- [Data entries]:

|---|

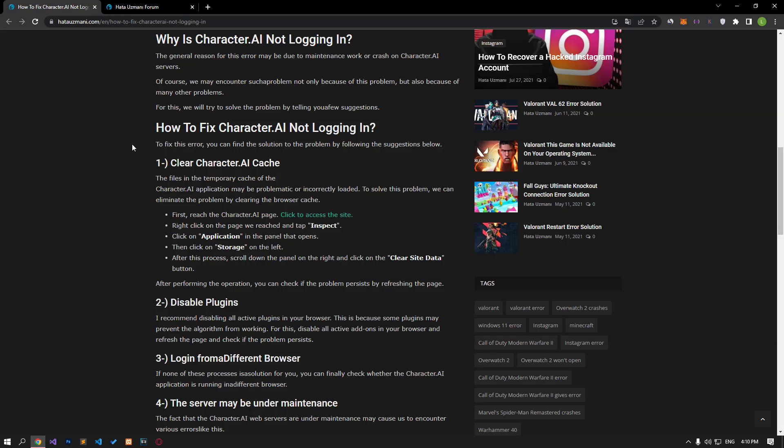Hello everyone, welcome to the Bug Expert channel. In this video, we will provide information on how to fix the Character AI not signing in issue.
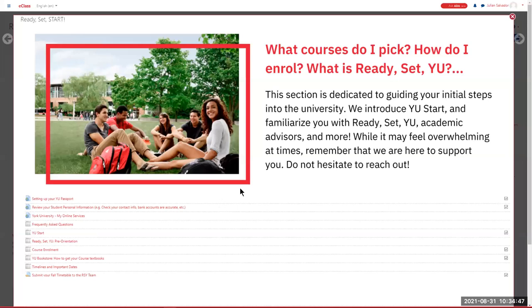When seeing these examples, don't be overwhelmed — it's just to show you that professors, depending on your instructors, might arrange their content differently. Some professors might do it like the first example, some like the second, some like the third. It's just showing you different visual arrangements of the same eClass content.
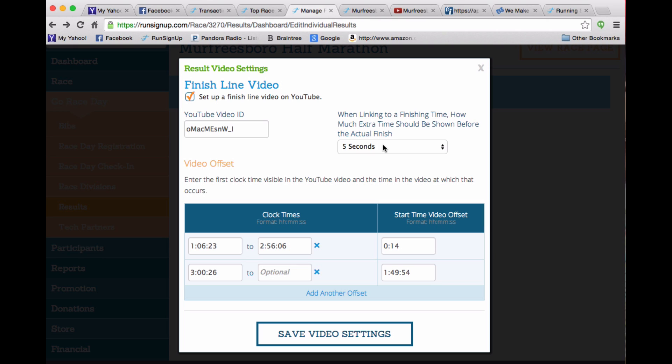And then you say the offset. So five seconds. So basically, if someone's coming across the line at 20 minutes, you want to start at 19 minutes and 55 seconds. So they can see themselves coming up to the line and so forth. And then you enter your clock times of when the start of the video is showing or when the first person comes across. And then you set the offset.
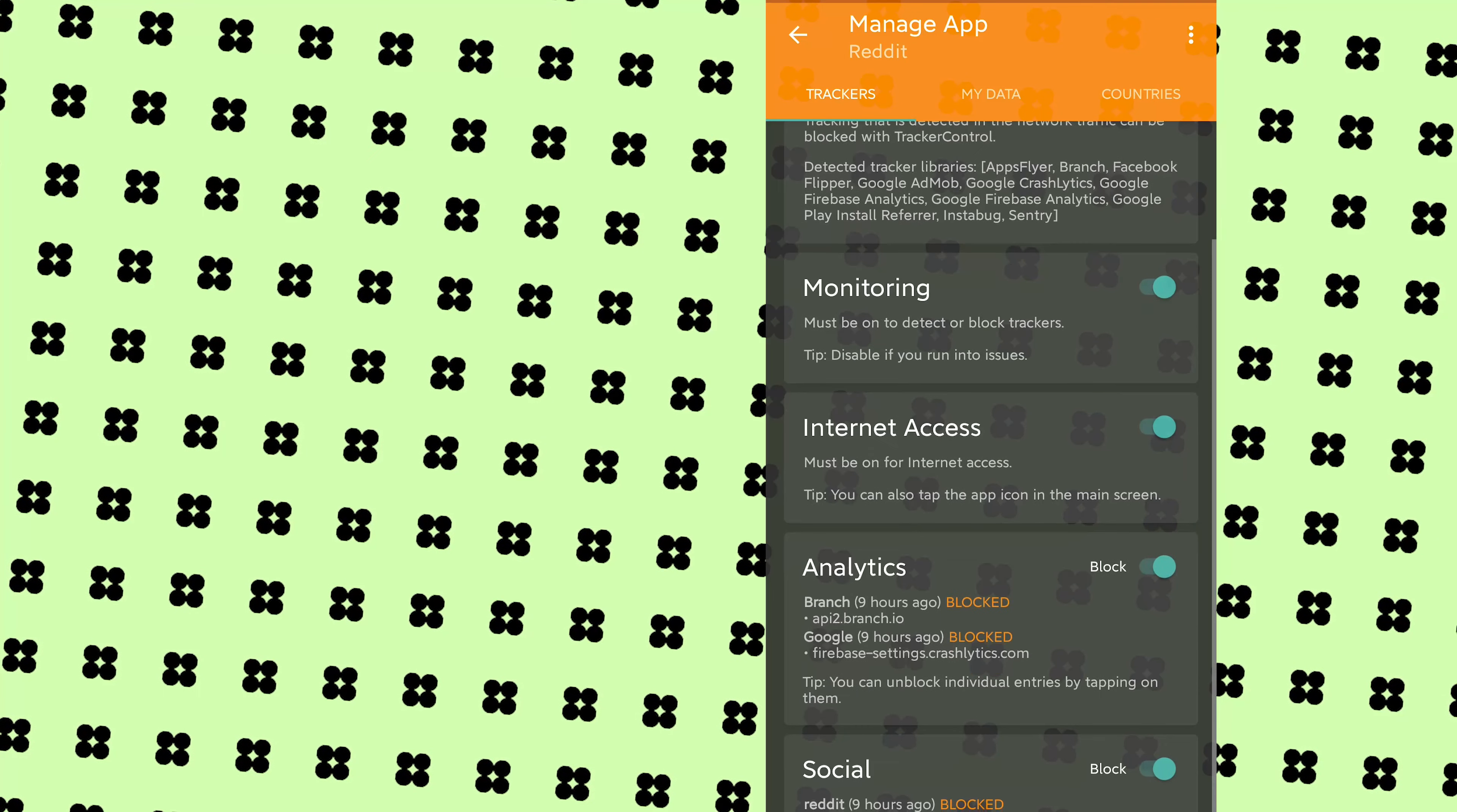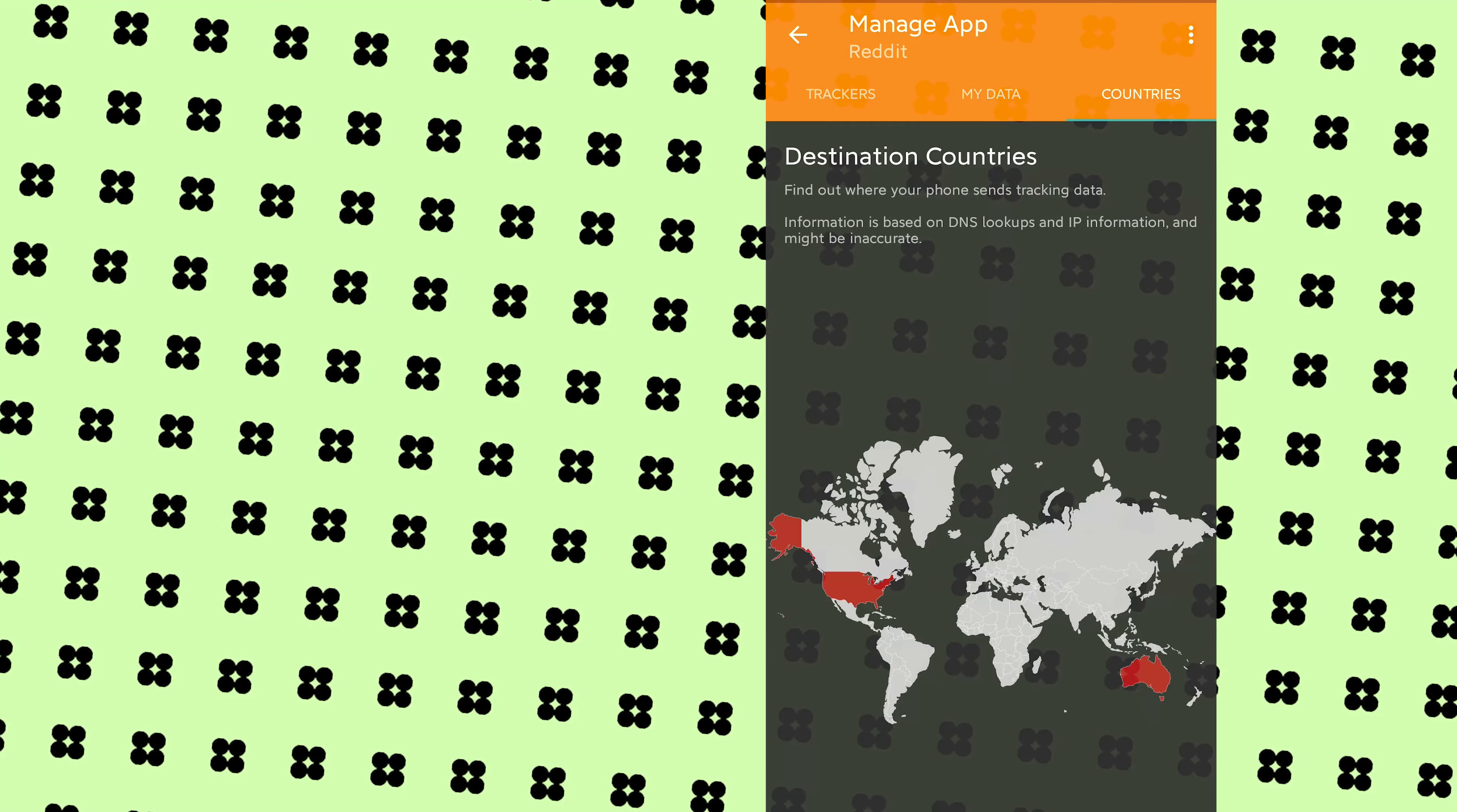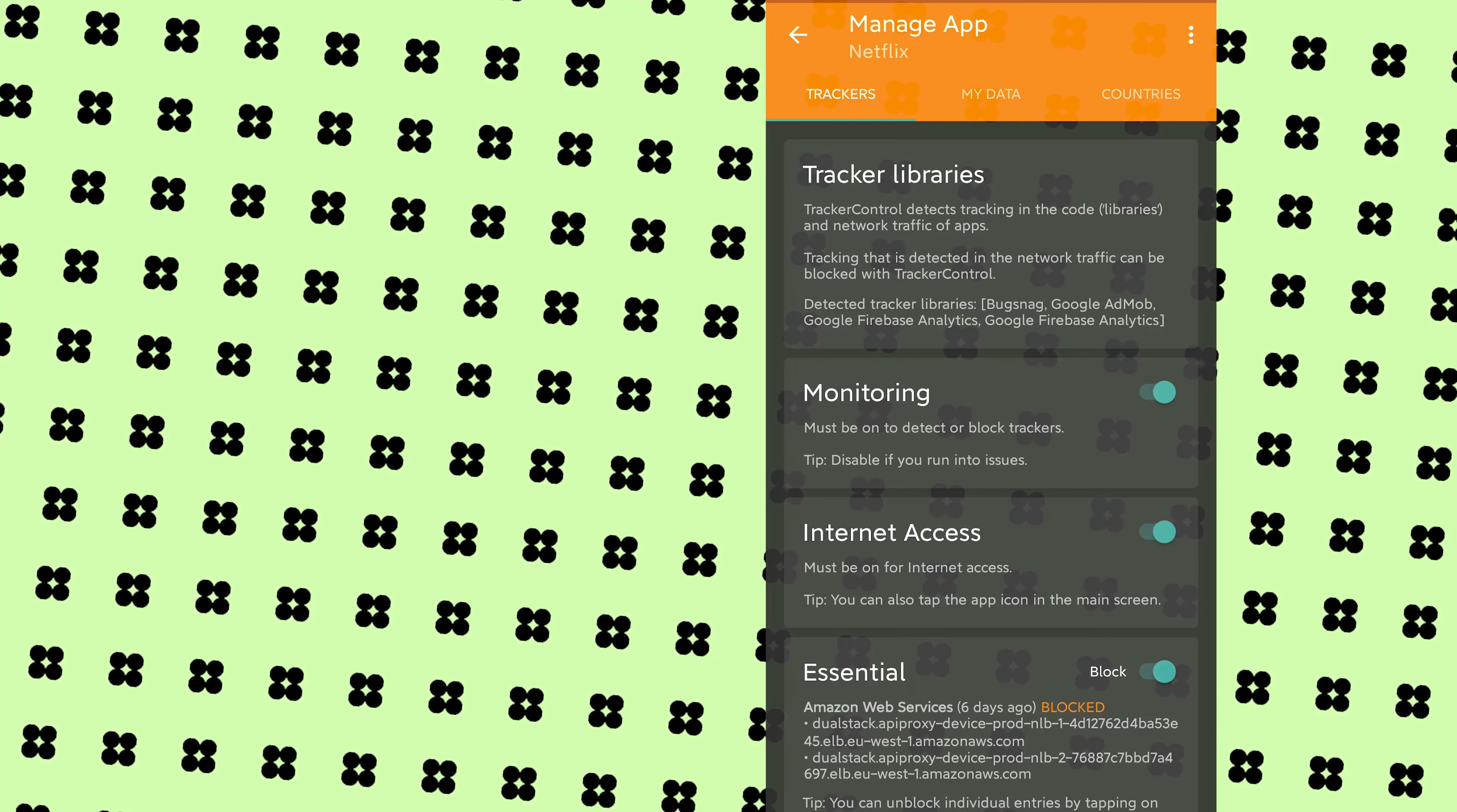Anytime an app leaks your data, it will notify you. It will also tell you the company the data has been leaked to and also the country where the data was transferred. It also lets you block the tracker in the app so it no longer leaks your data.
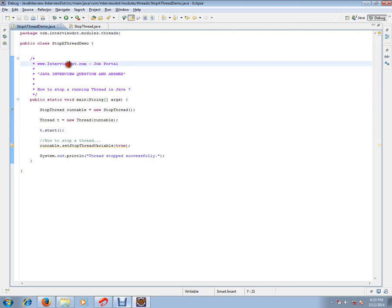Hi, this video is from Interview.com. Interview.com is a job portal. If you're looking for a job, you can post your resume with us. In this video, I'm going to talk about how to stop a running thread in Java.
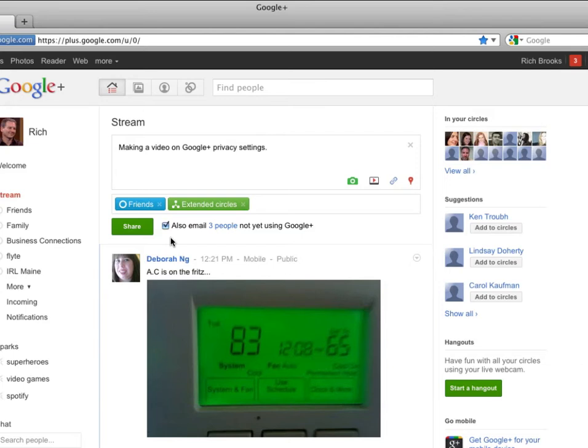Now, it looks like three people who are not yet using Google+ are going to get this post. If I don't want to have them sent an email with this information in it, I can just uncheck this and then go ahead and share.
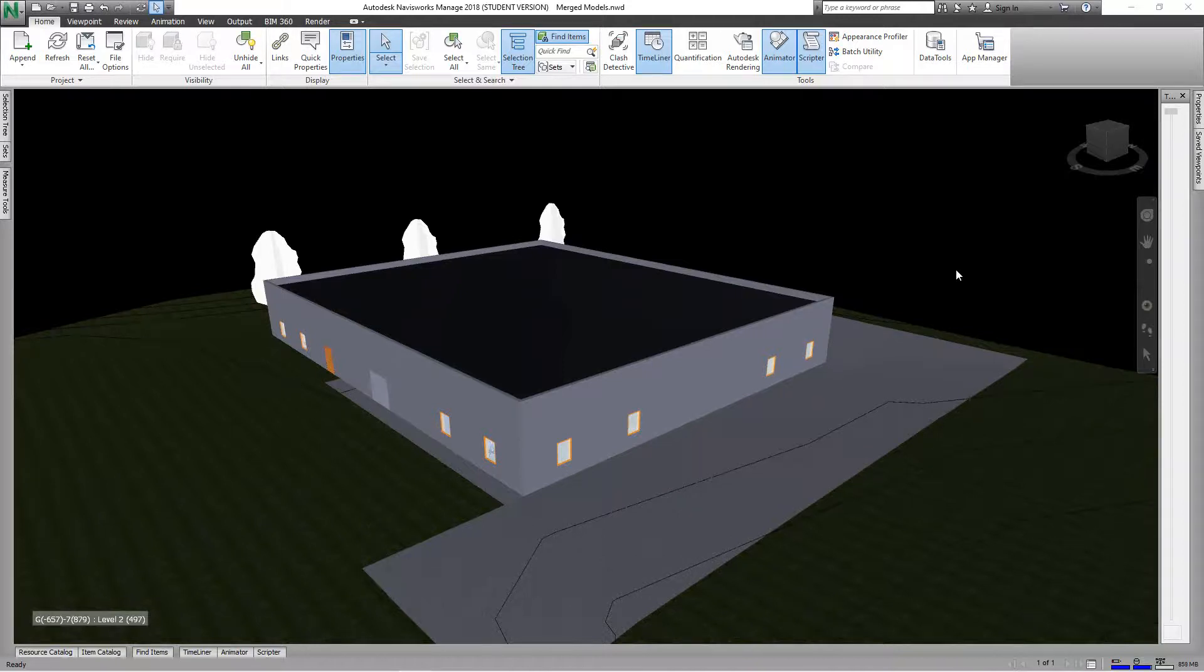Hi everybody, today we're going to look at more Navisworks. In this training exercise, we're going to look at quantification so we can do takeoff for things like estimating.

|---|

- [Brief]:
Without any picture, return exactly the lines of the records above from the first through the line that contains "When seeing these".

- [Result of the exercise]:
Hello everyone, welcome to the Bug Expert channel. In this video, we will provide information on how to fix the Character AI not signing in issue.
When seeing these examples, don't be overwhelmed — it's just to show you that professors, depending on your instructors, might arrange their content differently. Some professors might do it like the first example, some like the second, some like the third. It's just showing you different visual arrangements of the same eClass content.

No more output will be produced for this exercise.